Mas ele continuava sem acreditar. Ela nunca tinha tempo para ele: ora tinha que levar a mãe ao cinema, ora encontrar a amiga que não via há anos. Ela ia, ia e ele triste ficava.

E o almoço de domingo com a família? Desculpe, dizia ela, mas esse compromisso era sagrado, afinal, família é uma só.

Com o passar do tempo, começou a se encher, pois queria sentir-se especial na vida dela. Reclamou, brigou, implorou e escutou como resposta que sua possessividade impedia-o de perceber o seu amor. Ela ia, mas nele sempre pensava, não entendia o por que de sua bravura. 

Confuso, aceitou fazer terapia. Não a entendia, quem sabe Freud explicaria?...

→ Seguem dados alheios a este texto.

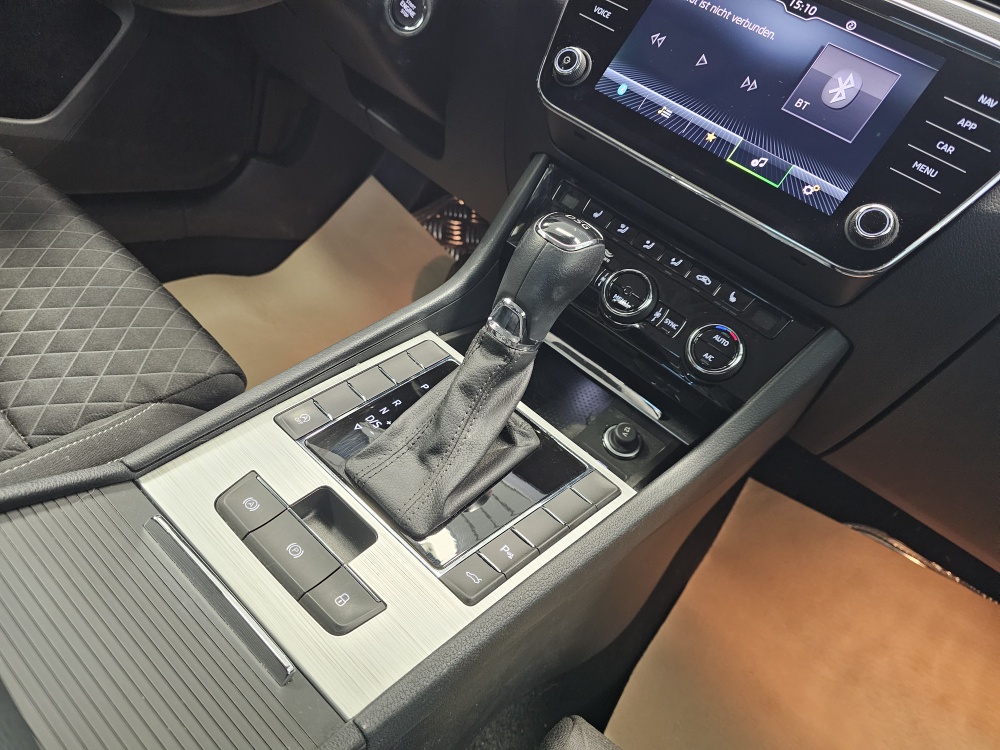 Skoda Superb Combi bei Hoffmann Automobile in Wolfsburg kaufen und sofort mitnehmen - Bild 9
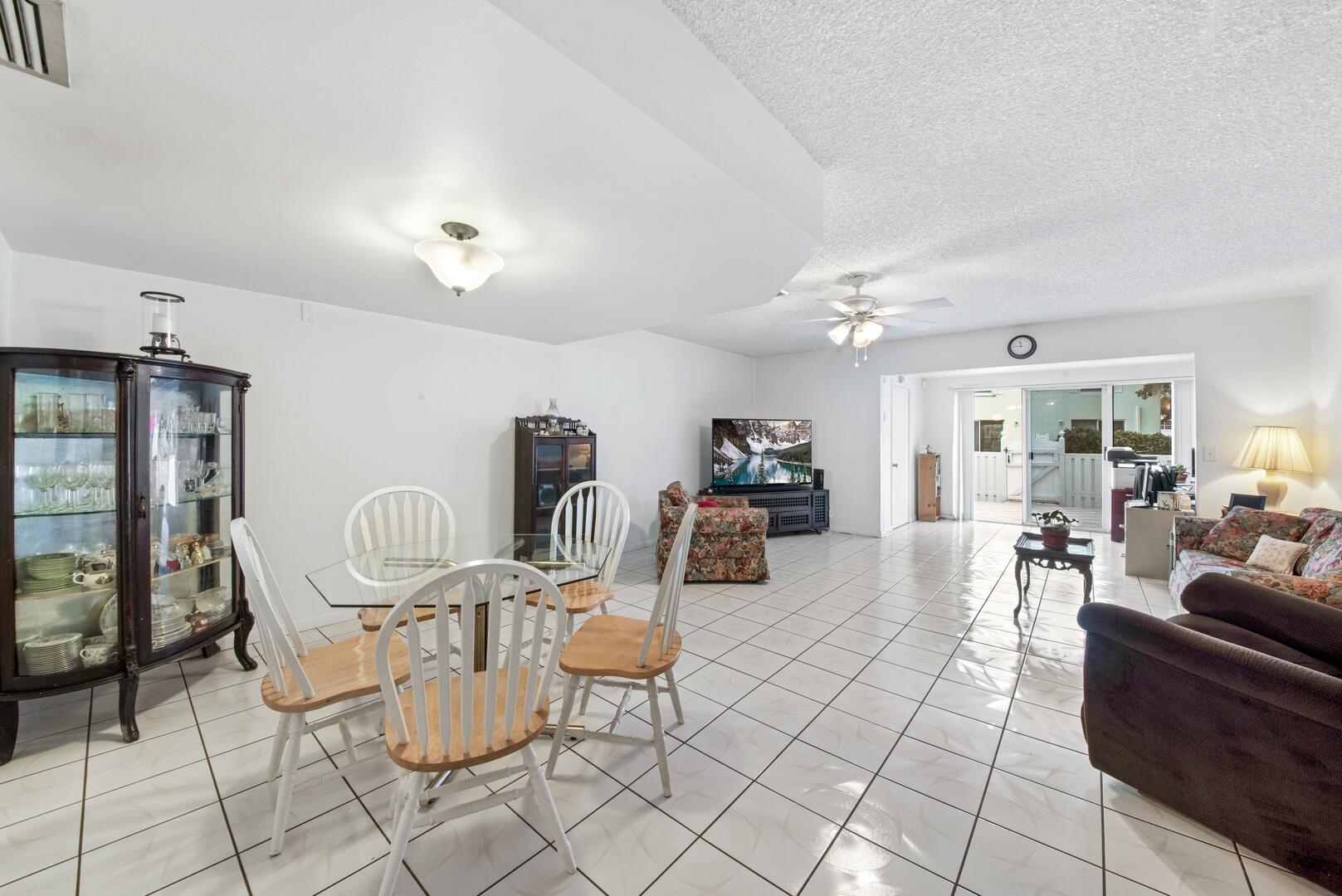 231 Foxtail Drive G, Greenacres Unit: G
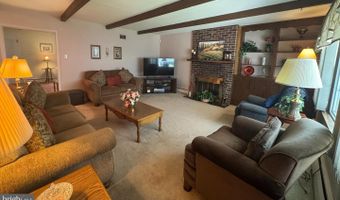 459 EDGEWOOD Dr, Ambler, PA 19002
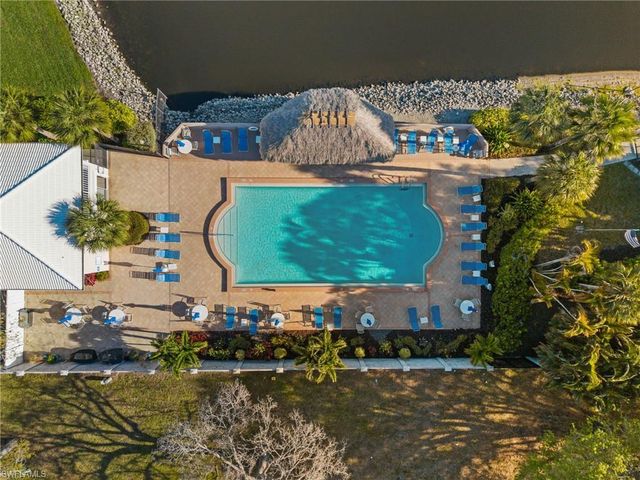 822 Gulf Pavilion DR 201, Naples, FL 34108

Terapia vai, terapia vem, achou estranho o papo de não ser bom jogar suas expectativas no outro. Papo intelectual ou não, estaria aí o fio da meada de sua vida? Cutucaram sua ferida!

Expectativa pra lá, expectativa pra cá, resolveu também terapeutizar e perguntou-lhe por que só conseguia dizer não a ele. Ah! Mas com ele sentia-se à vontade para ser ela de verdade. Bonito, não?

Não, não era nada bonito! Não era bonito ser rejeitado na maior, como se isso fosse natural. Então resolveu prestar atenção no que a psicóloga falava.

Aliás, a psicóloga quase nada falava. Ele, sim, se enfezava, esperneava, xingava, enquanto ela olhava, absorta em seus próprios pensamentos e, vez em quando, dizia com aquele ar irritantemente superior: "- tudo é uma questão de expectativa".

Resolveu, então, partir para livros de auto-ajuda. Livro vai, livro vem, finalmente descobre o segredo capaz de mudar o curso de sua vida: ele próprio.

Começou a fase de auto-exploração: um dia passou perto do espelho, timidamente olhou, ficou ruborizado, mas não abriu mão de ir até o fim e encarou. E não é que se encantou! Avistou, do outro lado do espelho, um cara simpático e bom papo. Uma gracinha. Sentiu rolar um "climinha"! 

Carente, resolveu investir nesta nova relação. Tanto investiu que, num ato de loucura, não resistiu e resolveu o quarto todo espelhar. Não conseguia mais sem a companhia do rapaz do espelho ficar. 

E o rapaz do outro lado do espelho correspondeu tanto às suas expectativas que, no dia em que escutou não ser mais importante na vida dela não doeu, pois ela também já não fazia parte de sua vida.